NWSG establishment can be slow and usually takes approximately two years. Once established, various management techniques consisting of prescribed burning, disking, mowing, herbicide applications, or some combination thereof, will be necessary to maintain these productive deep rooted grasses. WEA staff provides experienced and proficient staff to manage or establish NSWG on our customers land.
Nuisance and Invasive Species Management
The recognition and acknowledgement of the extent and impact of invasive plants in native ecosystems is relatively recent. The fact that seeds and plant parts are frequently and easily spread through development activities increases the threats associated with these species. WEA ecologists have extensive experience identifying, controlling, and eradicating nuisance and invasive species for terrestrial and aquatic ecosystems. Depending on the size and intensity of the infestation and surrounding environments, various methodologies that can be employed independently or in conjunction with other methods include:
WEA staff can also develop short- and long-term site specific plans for controlling existing infestations, and developing best management practices (BMPs) for preventing the spread or introduction of these species.

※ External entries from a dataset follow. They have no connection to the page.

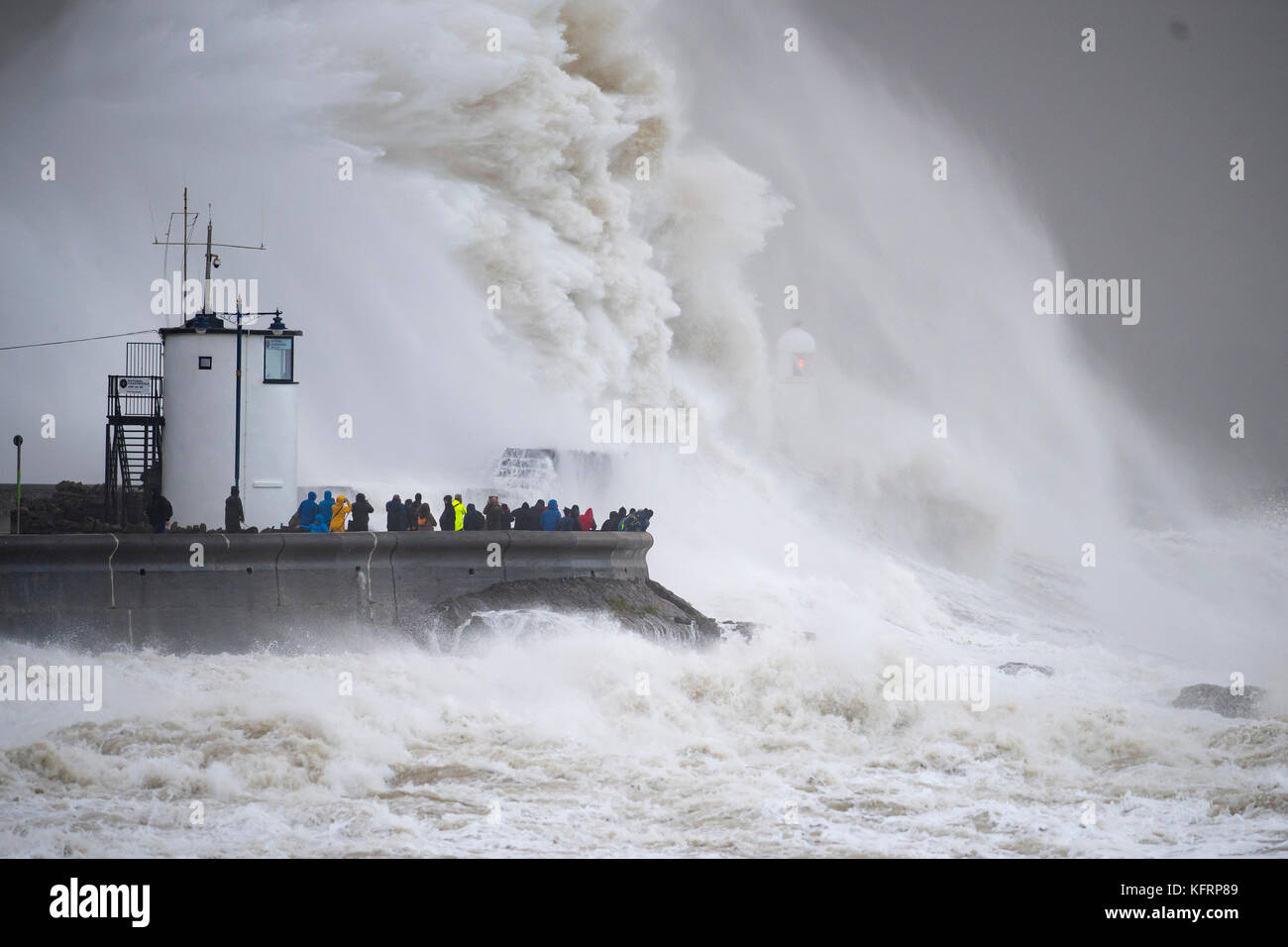Wellen gegen die Hafenmauer während Sturm brian bei porthcawl, South Wales. das Met Office ausgestellt haben eine gelbe Wetter Warnung für Wind- und ha Stockfoto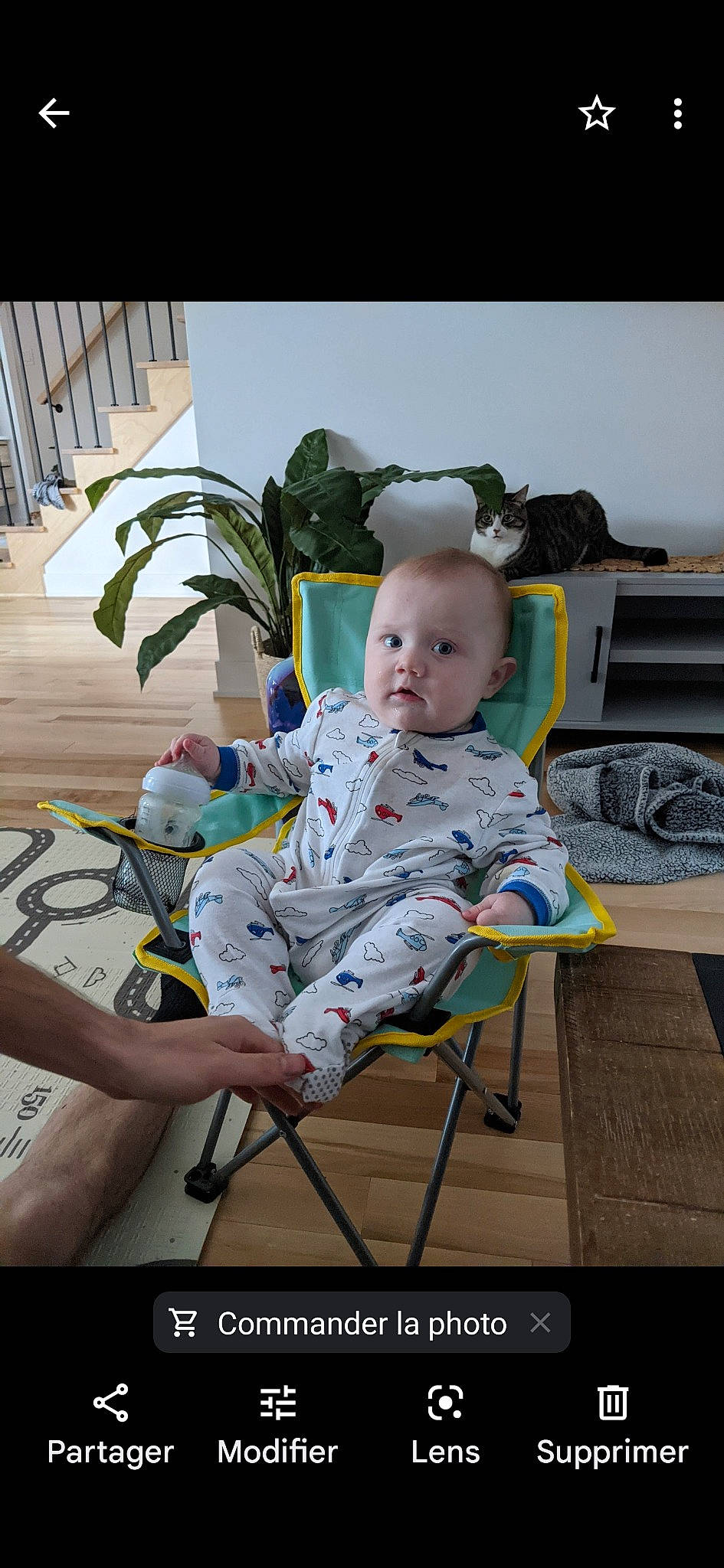 Liam a rejoint le concours — aidez-le/la à gagner de superbes lots ! baby, baby_products, baby_toddler_clothing, chair, child, comfort, flooring, flowerpot, fun, houseplant, leisure, person, plant, room, sitting, t_shirt, toddler, vacation, window, wood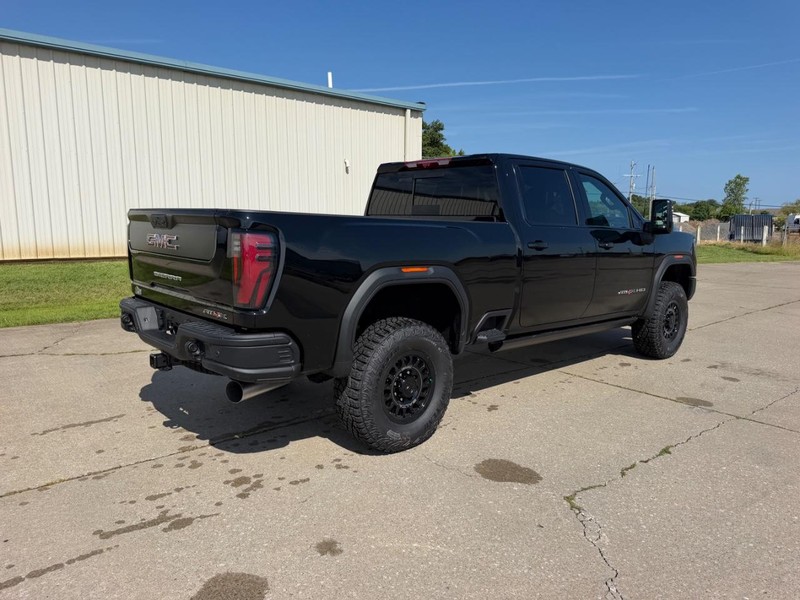 GMC Sierra 2500HD Vehicle Full-screen Gallery Image 3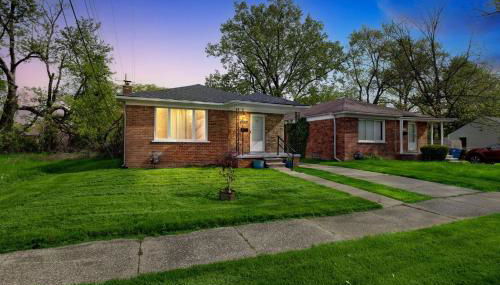 Queen G2 Mansion 3 Bedroom Home by RedAwning - Foto 5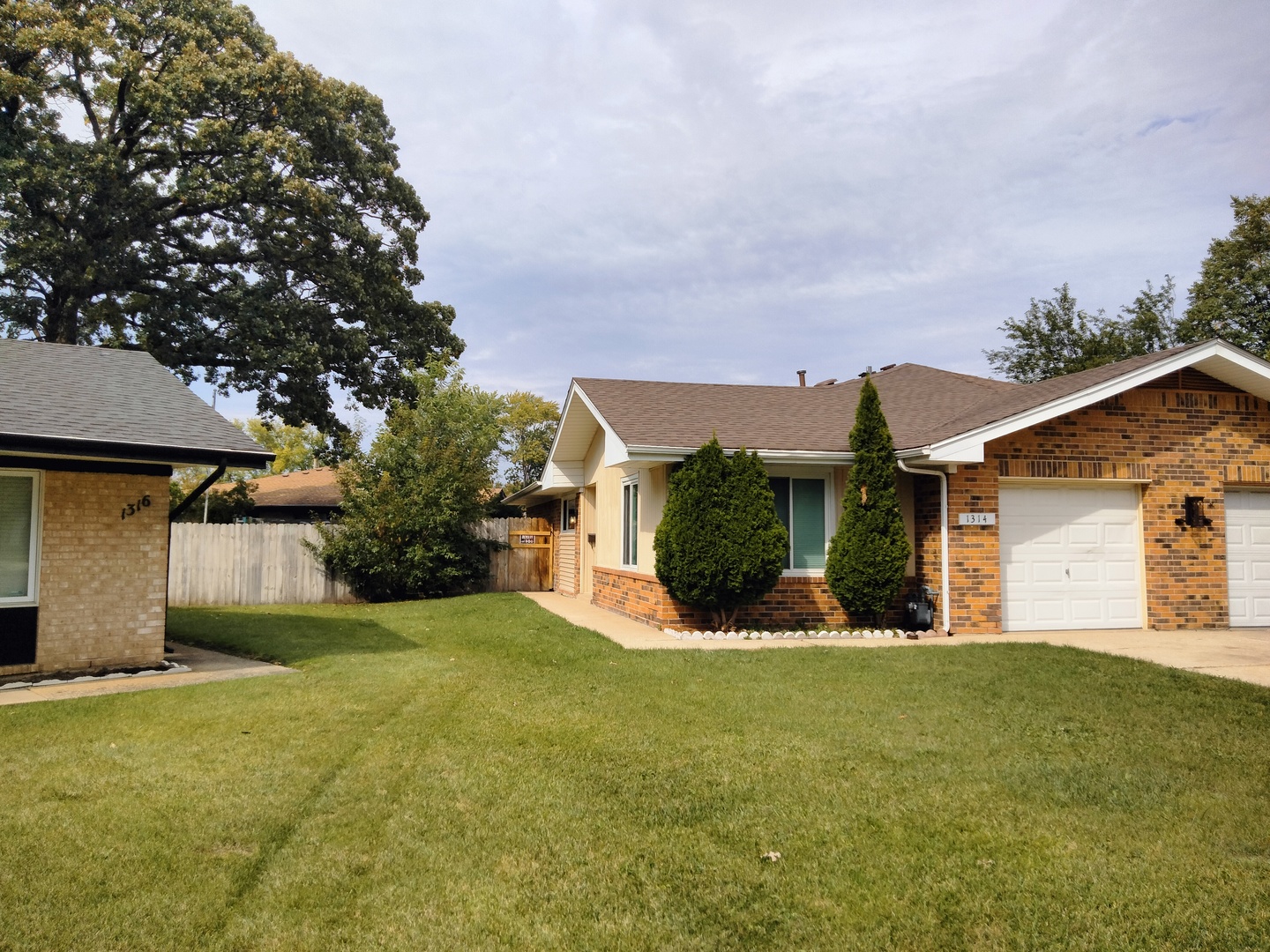 1314 Beverly Lane, Unit 1314 Streamwood, IL 60107 - Photo 1 of 23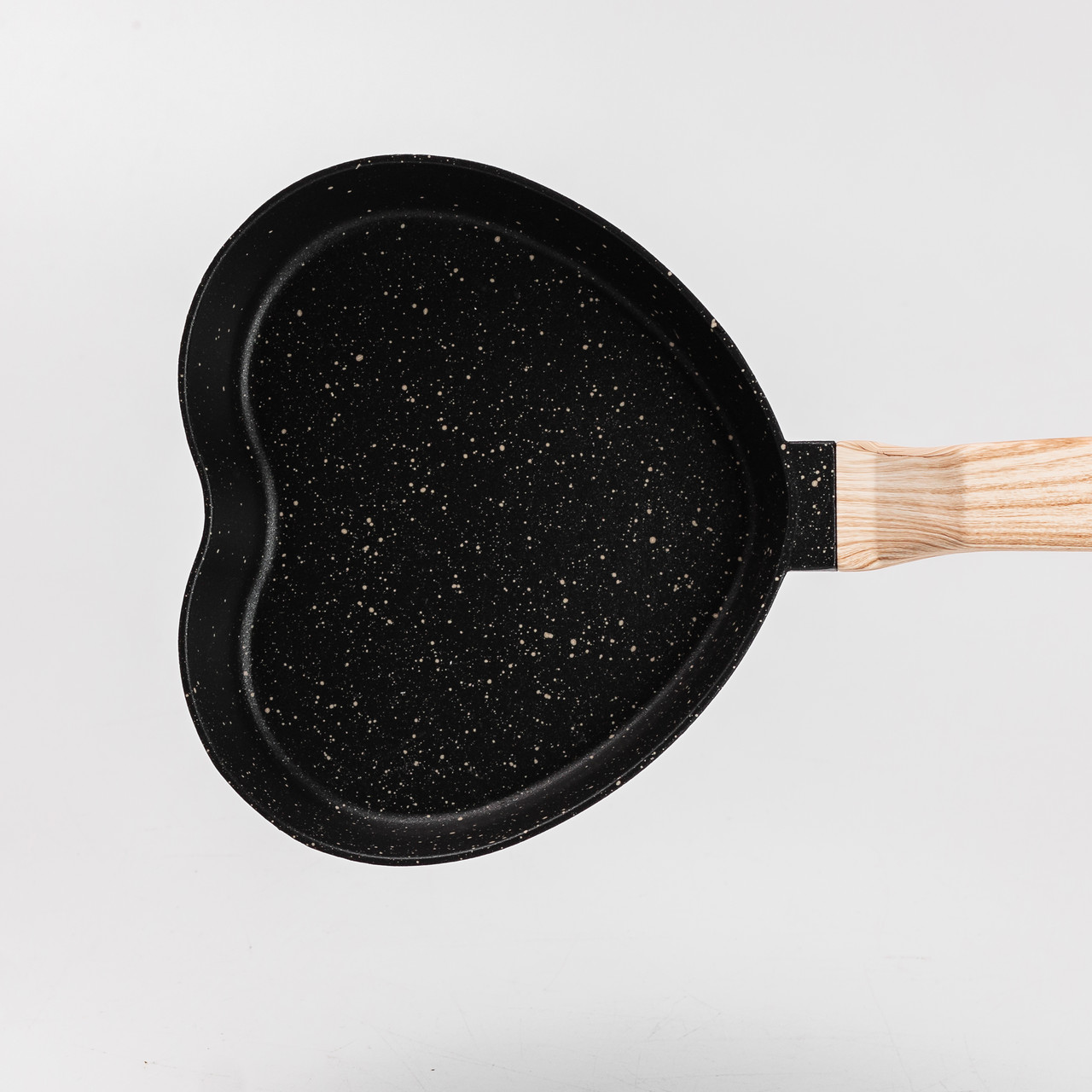 Сковорода у вигляді серця з антипригарним покриттям 400 мл чорна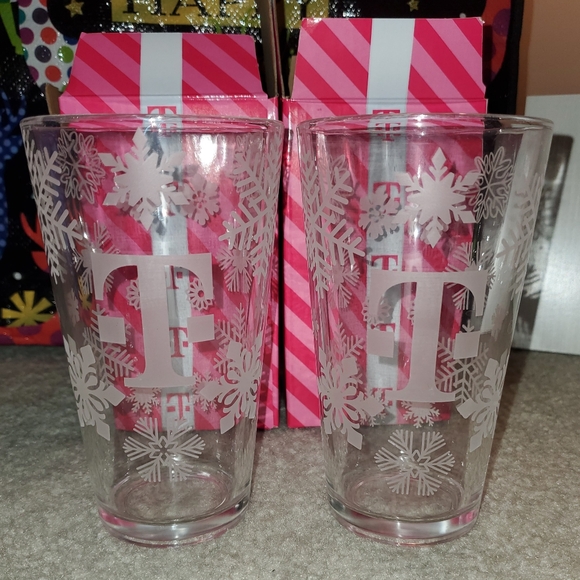 NEW T-Mobile Set of 2 Holiday Snowflake Winter Scene Pint Glass Tumblers NIB - Picture 7 of 16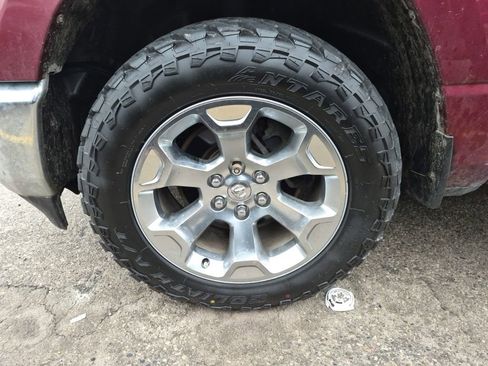 Used 2019 RAM 1500 Big Horn image 4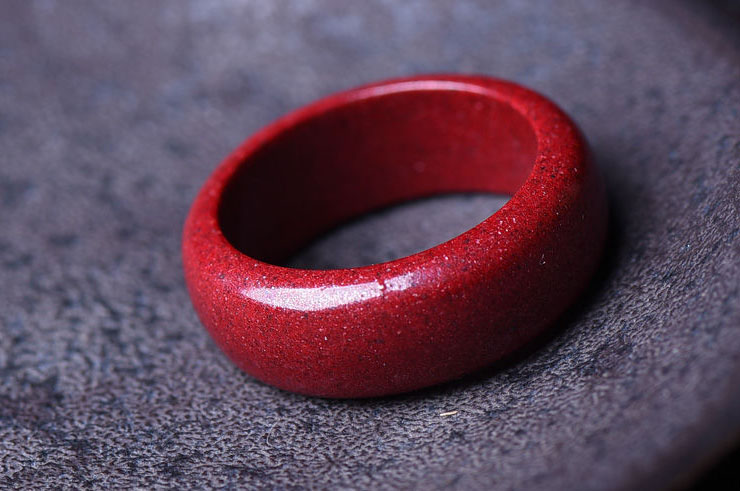 Anillo, Cinabrio Rojo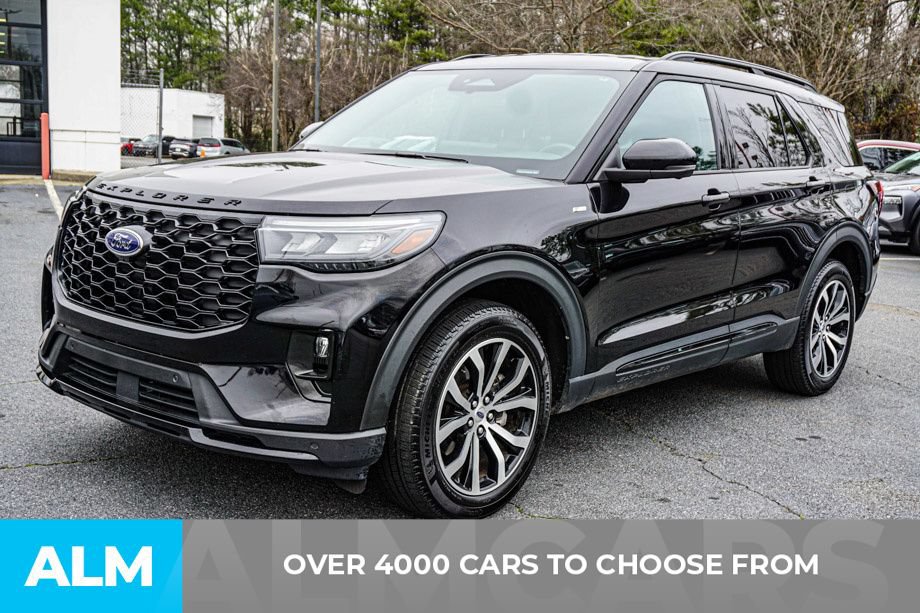 Used 2025 Ford Explorer ST-Line AWD/4WD image 2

Supplemental Wildlife Feeding
Many landowners and hunters consider supplemental feeding an important factor in deer management and a source of nutrition when native forage is inadequate either in quantity or quality. However, supplemental feeding should not be considered an alternative to proper habitat management. By nature of its namesake, such feedings should be considered strictly – supplemental.
Supplementing native forage can occur two ways: food plots and direct feeding. The goal for a supplemental feeding program is to provide enough high quality forage for the deer herd to meet its nutritional needs.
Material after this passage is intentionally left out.